Task statement: Within the entries below, find each line containing the word "Heavy" and copy it.

(Beginning of Exercise data)

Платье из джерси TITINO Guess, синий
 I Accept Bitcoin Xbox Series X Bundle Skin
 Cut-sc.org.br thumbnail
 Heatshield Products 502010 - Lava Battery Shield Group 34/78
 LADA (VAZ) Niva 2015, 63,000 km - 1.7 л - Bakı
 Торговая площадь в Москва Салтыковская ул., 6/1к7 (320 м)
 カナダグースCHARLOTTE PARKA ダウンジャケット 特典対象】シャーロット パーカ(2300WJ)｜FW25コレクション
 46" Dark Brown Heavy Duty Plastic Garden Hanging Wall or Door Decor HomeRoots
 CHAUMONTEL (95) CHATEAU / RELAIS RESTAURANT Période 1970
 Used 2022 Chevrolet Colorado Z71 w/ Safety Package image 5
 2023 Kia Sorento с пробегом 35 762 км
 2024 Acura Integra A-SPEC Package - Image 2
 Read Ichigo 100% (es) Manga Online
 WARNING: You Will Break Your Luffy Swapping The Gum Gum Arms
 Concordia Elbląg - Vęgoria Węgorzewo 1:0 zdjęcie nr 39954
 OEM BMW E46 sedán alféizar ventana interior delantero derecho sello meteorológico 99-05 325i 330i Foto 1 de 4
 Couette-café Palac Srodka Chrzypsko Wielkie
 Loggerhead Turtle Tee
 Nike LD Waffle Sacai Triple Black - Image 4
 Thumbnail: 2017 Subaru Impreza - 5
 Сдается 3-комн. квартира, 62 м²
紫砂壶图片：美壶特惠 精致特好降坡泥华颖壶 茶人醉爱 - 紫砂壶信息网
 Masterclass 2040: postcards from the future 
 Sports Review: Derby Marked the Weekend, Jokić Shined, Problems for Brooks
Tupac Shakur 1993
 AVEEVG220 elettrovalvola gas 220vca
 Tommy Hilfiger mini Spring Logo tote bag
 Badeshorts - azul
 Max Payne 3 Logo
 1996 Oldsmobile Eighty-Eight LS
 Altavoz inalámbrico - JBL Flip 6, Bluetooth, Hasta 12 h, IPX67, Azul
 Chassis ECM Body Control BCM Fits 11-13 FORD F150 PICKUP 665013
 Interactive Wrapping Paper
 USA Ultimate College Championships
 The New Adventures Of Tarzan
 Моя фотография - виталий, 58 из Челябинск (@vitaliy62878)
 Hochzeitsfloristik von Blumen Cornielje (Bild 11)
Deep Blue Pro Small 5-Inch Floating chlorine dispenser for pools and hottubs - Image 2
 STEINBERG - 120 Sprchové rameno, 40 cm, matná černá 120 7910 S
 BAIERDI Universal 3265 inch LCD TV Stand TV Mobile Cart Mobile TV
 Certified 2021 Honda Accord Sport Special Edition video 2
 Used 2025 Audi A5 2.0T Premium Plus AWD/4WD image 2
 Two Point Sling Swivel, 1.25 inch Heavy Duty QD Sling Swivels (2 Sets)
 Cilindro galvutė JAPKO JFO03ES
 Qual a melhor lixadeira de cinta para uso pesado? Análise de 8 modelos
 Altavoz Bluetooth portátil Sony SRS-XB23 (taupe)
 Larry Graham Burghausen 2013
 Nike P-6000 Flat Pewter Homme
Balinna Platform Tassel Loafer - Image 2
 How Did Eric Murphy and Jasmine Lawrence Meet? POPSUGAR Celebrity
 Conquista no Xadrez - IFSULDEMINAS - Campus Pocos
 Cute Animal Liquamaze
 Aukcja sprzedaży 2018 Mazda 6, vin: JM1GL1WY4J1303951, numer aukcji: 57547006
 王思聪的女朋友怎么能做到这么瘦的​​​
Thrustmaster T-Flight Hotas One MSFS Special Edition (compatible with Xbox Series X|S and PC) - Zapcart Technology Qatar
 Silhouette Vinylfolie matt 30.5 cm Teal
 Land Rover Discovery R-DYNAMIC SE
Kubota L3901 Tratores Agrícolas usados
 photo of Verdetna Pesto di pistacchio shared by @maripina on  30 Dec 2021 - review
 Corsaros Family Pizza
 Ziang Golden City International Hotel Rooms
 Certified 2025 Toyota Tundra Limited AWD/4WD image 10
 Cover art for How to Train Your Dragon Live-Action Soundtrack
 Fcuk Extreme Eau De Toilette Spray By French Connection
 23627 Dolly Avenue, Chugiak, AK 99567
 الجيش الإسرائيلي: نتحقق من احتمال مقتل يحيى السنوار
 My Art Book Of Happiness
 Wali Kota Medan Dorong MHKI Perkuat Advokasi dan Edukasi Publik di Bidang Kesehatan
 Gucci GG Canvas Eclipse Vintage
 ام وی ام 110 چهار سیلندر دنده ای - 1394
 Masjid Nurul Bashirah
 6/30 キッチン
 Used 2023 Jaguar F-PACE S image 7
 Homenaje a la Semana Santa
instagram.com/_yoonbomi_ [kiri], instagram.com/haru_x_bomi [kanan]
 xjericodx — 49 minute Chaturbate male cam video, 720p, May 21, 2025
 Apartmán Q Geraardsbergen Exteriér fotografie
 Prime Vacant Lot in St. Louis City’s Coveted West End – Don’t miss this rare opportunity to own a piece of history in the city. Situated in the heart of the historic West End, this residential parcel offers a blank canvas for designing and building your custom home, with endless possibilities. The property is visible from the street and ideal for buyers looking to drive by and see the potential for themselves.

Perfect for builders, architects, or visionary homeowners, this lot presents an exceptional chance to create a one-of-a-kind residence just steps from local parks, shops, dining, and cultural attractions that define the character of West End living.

(End of Exercise data)

Task answer:
 46" Dark Brown Heavy Duty Plastic Garden Hanging Wall or Door Decor HomeRoots
 Two Point Sling Swivel, 1.25 inch Heavy Duty QD Sling Swivels (2 Sets)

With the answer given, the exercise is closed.